AI Voice Cloning

This repo/rentry aims to serve as both a foolproof guide for setting up AI voice cloning tools for legitimate, local use on Windows/Linux, as well as a stepping stone for anons that genuinely want to play around with TorToiSe.

Similar to my own findings for Stable Diffusion image generation, this rentry may appear a little disheveled as I note my new findings with TorToiSe. Please keep this in mind if the guide seems to shift a bit or sound confusing.

>Ugh... why bother when I can just abuse 11.AI?

You're more than welcome to, but TorToiSe is shaping up to be a very promising tool, especially with finetuning being feasible.

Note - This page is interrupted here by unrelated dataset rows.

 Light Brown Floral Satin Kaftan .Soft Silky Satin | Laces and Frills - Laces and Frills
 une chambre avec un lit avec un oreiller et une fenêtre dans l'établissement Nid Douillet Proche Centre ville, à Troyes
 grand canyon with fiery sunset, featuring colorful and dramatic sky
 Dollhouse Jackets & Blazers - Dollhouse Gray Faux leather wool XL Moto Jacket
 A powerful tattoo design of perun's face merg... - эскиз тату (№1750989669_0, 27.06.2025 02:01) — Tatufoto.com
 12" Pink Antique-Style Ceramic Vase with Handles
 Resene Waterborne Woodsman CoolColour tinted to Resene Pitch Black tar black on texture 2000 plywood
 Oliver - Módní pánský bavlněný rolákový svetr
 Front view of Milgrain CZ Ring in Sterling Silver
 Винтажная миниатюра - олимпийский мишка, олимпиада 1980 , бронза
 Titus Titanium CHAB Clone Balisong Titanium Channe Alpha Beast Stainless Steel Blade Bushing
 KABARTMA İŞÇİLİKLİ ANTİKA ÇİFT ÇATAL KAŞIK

This is not endorsed by neonbjb. I do not expect this to run into any ethical issues, as it seems (like me), this is mostly for making funny haha vidya characters say funny lines.

Glossary

To try and keep the terminology used here (somewhat) consistent and coherent, below are a list of terms, and their definitions (or at least, the way I'm using them):

voice cloning: synthesizing speech to accurately replicate a subject's voice.
input clips / voice clips / audio input / voice samples : the original voice source of the subject you're trying to clone.
waveform: the raw audio.
sampling rate: the bandwidth of a given waveform, represented as twice the frequency of the waveform it represents.
voice latents / conditional latents / latents: computated traits of a voice.
autoregressive samples (samples / tokens): the initial generation pass to output tokens, and (usually) the most computationally expensive. More samples = better "cloning", as you're generating more candidates to find the best sample.
CLVP: Contrastive Language-Voice Pretraining: an analog to CLIP, but for voices. After the autoregressive samples pass, those samples/tokens are compared against the CLVP to find the best candidates.
CVVP: Contrastive Voice-Voice Pretraining: a (deprecated) model that can be used weighted in junction with the CLVP.
candidates: results from the comparing against the CLVP/CVVP models. (Assumed to be) ordered from best to worst.
diffusion decoder / vocoder: these passes are responsible for encoding the tokens into a MEL spectrogram into a waveform.
diffusion iterations: how many passes to put into generating the output waveform. More iterations = better audio quality.
diffusion sampler / sampler: the sampling method used during the diffusion decoding pass, albeit a bit of a misnomer. Currently, only two samplers are implemented.
training / finetuning: re-training the model to learn better traits for a given use-case, be it voice traits, accents, or even languages.
dataset: an LJSpeech formatted text file with transcriptions assigned to voice files
learning rate: the rate of change when training a model. Lower values are safer, but require much time. Higher values get change faster, at the risk of frying a model.
epoch: a unit related to training, equal to the number of iterations to complete one entire pass over your dataset.
iteration / step: a step to complete one batch size worth of training
learning rate schedule: a list of epoch/iteration points to decay the learning rate
half precision: trains at a lower precision to (theoretically) reduce VRAM consumption and increase throughput. Entirely useless when using...
bitsandbytes optimizations: trains at a lower precision (integer8) by leveraging dedicated silicon and other optimizations to achieve large reductions in VRAM consumption. Arguably less stable, due to the nature of quantizing, but the downside is negligible compared to what it offers.
loss rate: a value to measure the deviation from a model's generated output from the source output. Lower values = better, but too low of a value results in overfitment, and effectively botches your model, as extrapolation is tougher. I'd argue a value around 0.1 is fine, as it works for Textual Inversion, but I'm having second doubts. Just play around with different iterations of your models.

Modifications

My fork boasts the following additions, fixes, and optimizations:

a competent web UI made in Gradio to expose a lot of tunables and options
cleaned up output structure of resulting audio files
caching computed conditional latents for faster re-runs
- additionally, regenerating them if the script detects they're out of date
uses the entire audio sample instead of the first four seconds of each sound file for better reproducing
activated unused DDIM sampler
use of some optimizations like kv_cacheing for the autoregression sample pass, and keeping data on GPU
compatibility with DirectML
easy install scripts
integrated training
very simple training configuration tool
LJSpeech-formatted dataset creation
leverages bitsandbytes for training/finetuning, and (albeit unnoticeable) for inferencing
and more!